When we initially experimented with threads and processes support, we
needed to implement arrays of threads per process for cpu-map, but this
is not needed anymore since we support either threads or processes.
Let's simply make the thread-based cpu-map per thread and not per
thread and per process since that's not used anymore. Doing so reduces
the global struct from 33kB to 1.5kB.
diff --git a/src/haproxy.c b/src/haproxy.c
index 603f084..1aeae99 100644
--- a/src/haproxy.c
+++ b/src/haproxy.c
@@ -3152,17 +3152,17 @@
 		/* Now the CPU affinity for all threads */
 		for (i = 0; i < global.nbthread; i++) {
 			if (global.cpu_map.proc[relative_pid-1])

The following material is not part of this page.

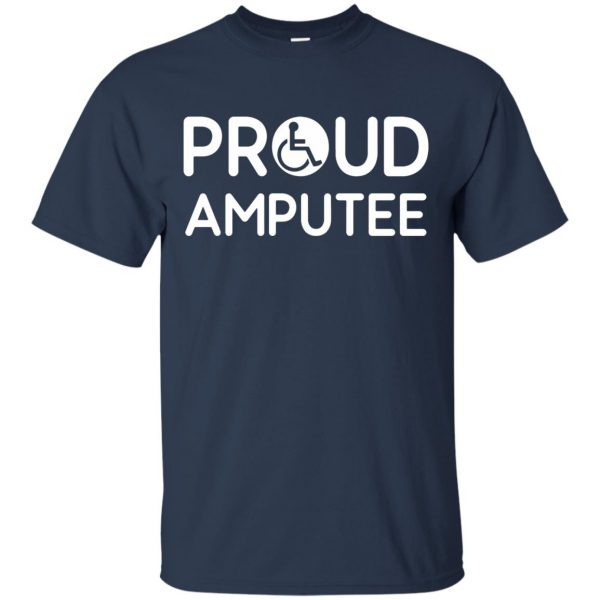amputees t shirt - navy blue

-				global.cpu_map.thread[relative_pid-1][i] &= global.cpu_map.proc[relative_pid-1];
+				global.cpu_map.thread[i] &= global.cpu_map.proc[relative_pid-1];
 
 			if (i < MAX_THREADS &&       /* only the first 32/64 threads may be pinned */
-			    global.cpu_map.thread[relative_pid-1][i]) {/* only do this if the thread has a THREAD map */
+			    global.cpu_map.thread[i]) {/* only do this if the thread has a THREAD map */
 #if defined(__FreeBSD__) || defined(__NetBSD__)
 				cpuset_t cpuset;
 #else
 				cpu_set_t cpuset;
 #endif
 				int j;
-				unsigned long cpu_map = global.cpu_map.thread[relative_pid-1][i];
+				unsigned long cpu_map = global.cpu_map.thread[i];
 
 				CPU_ZERO(&cpuset);